Attending 2 User Conferences, Part 1
So I’ve spent some time recently at a couple of pretty important industry user conferences looking, learning and listening. In part 1 I’ll start with what I learned, and part II will be a little sight seeing (the fun part). For conference #1, I got an invitation from Steve Wuerdeman of HP to go to the Dscoop conference (Digital Solutions Cooperative), which is an annual user conference of HP Indigo owners. Although we don’t own an Indigo digital press, I was completely blown away by this little eco-system of print professionals. Not only is the Indigo digital press one the Cadillac’s of digital press industry, these folks seem determined to work together, help solve each other’s problems and maintain their own community. There were a lot of supporting vendors there, but the biggest story was the collaboration that these users shared. It was in Washington DC, but I’m betting at least 1/3 or more were from abroad…that says something in itself. And the keynote speech was given by Alon Bar-Shany, GM of HP’s Indigo Division out of Israel, and it was given in the vein of a Steve Jobs Keynote…just very technologically inspiring, especially considering Alon’s a little bit of a long hair that rocked out on guitar with the band the following night. From going to my share of specific breakouts, to walking the vendor floor, I really got the feeling this group was slowly separating themselves from the traditional print industry in a really good, innovative way.

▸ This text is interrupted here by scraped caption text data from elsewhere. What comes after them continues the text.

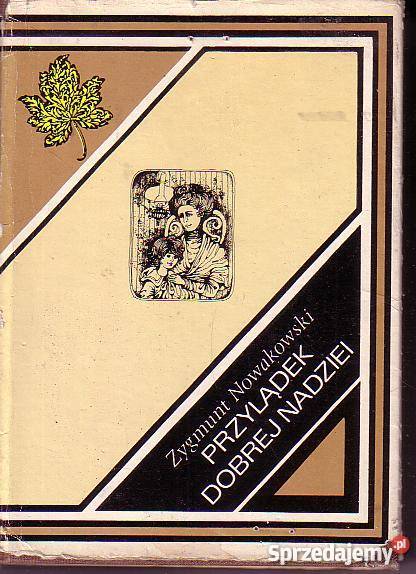 9448 PRZYLĄDEK NADZIEI ZYGMUNT NOWAKOWSKI małopolskie Czyrna sprzedam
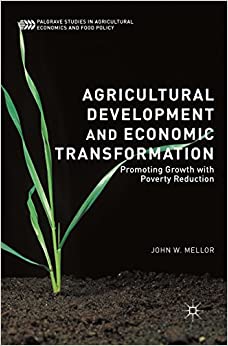 Agricultural Development and Economic Transformation: Promoting Growth with Poverty Reduction (Palgrave Studies in Agricultural Economics and Food Policy) ebook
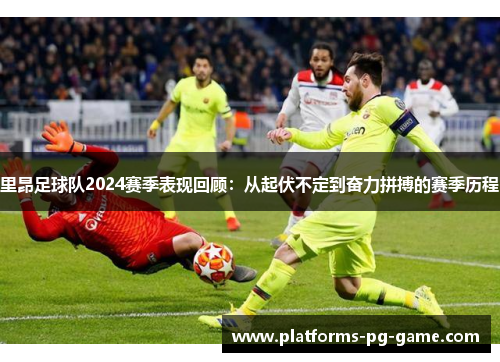 里昂足球队2024赛季表现回顾：从起伏不定到奋力拼搏的赛季历程
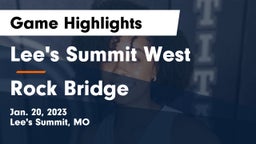Lee's Summit West  vs Rock Bridge  Game Highlights - Jan. 20, 2023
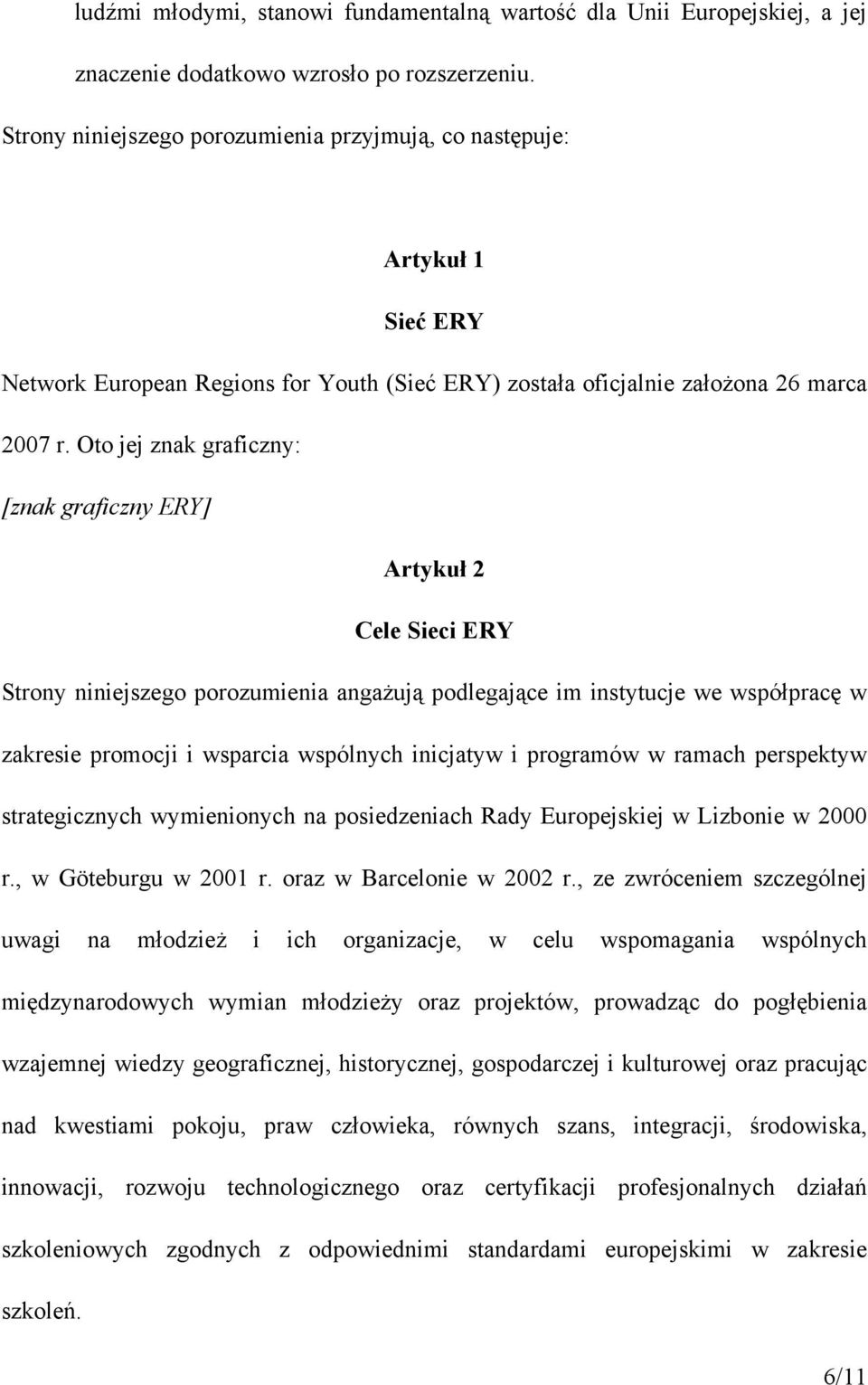 Oto jej znak graficzny: [znak graficzny ERY] Artykuł 2 Cele Sieci ERY Strony niniejszego porozumienia angażują podlegające im instytucje we współpracę w zakresie promocji i wsparcia wspólnych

So after a quick canoeing trip to PA, I was lucky enough to head on out to Las Vegas to the EFI Connect 2012 show, a users conference of folds who use all kinds of EFI products. I was there as a Printsmith user, although we have a few Fiery RIP’s driving our digital presses. EFI (Electronics for Imaging) makes all the Fiery products (Engines for copiers and digital presses), as well as what used to be estimating systems for printers, which have really morphed into MIS systems for printers and some high end wide format Ink jet solutions. Anyway, once again, I think there’s more to learn outside of the classroom than in it. Saying that although, I’ll give EFI and P credit for having a stellar classroom schedule. The chance to be in small classrooms with the actual product managers, the developers and the service managers gives you a real close feeling to the product. And I felt a little better at this conference, as I was actually a user of EFI products, not just a visitor.

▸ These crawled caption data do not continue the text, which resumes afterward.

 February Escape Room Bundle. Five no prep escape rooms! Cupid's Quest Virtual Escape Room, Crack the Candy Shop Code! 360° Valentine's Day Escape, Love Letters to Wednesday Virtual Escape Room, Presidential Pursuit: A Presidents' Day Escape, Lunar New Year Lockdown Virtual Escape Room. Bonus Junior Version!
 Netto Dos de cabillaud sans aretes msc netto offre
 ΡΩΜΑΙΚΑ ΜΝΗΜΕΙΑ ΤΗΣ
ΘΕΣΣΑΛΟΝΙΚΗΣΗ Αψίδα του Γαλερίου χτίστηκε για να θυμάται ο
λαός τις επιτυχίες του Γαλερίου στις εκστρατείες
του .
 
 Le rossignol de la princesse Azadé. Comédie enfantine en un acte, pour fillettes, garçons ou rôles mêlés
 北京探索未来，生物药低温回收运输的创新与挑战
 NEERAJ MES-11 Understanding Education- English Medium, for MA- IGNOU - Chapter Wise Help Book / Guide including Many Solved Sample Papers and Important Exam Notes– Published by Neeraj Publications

The biggest message at this conference was integration, getting all of our software driven products to talk to each other and really work the way promised. I remember somebody telling me 10 years ago that it would start with islands of automation….little parts of production talking to each other and then it would get better. That’s happening now, the islands of automation are getting bigger. This can be seen in the 4 different levels of MIS systems that EFI makes for all sized printing companies. Then a good example of the integration happens when you outgrow one solution, and the migration path to the next is smooth and seamless. Or all the modules that a system like Printsmith has (Scheduling, Web-to-Print, Data Collection, and other plug-ins) and they all integrate smoother than ever. As we have said in previous blogs, the systems we have now can do so much, its a matter of continuous learning and training.

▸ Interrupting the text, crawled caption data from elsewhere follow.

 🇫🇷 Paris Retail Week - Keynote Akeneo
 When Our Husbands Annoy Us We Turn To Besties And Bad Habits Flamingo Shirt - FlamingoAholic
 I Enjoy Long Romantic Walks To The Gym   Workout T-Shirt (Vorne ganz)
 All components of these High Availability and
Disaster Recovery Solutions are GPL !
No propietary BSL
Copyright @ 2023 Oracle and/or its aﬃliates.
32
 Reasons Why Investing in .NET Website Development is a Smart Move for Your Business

And I can’t finish without talking about Ricoh and Expedx, 2 fairly valuable partners. Our newest digital press is a Ricoh C901 Production digital press, and we are really happy with it. With the Plotmatic book maker on 1 end, and the Fiery Rip driving it on the other, we are looking to increase out output to 100,000 to 200,000 clicks a month. The techs and the business boosters program have been great to work with. And Xpedx has an integration with Printsmith (our MIS program) so that every Sunday night, our system reaches out to Xpedx’s and updates prices and inventory levels. 10 years ago, this would have sounded great but had a hard time working, now I’m watching it work, scratching my head and saying “Wow”.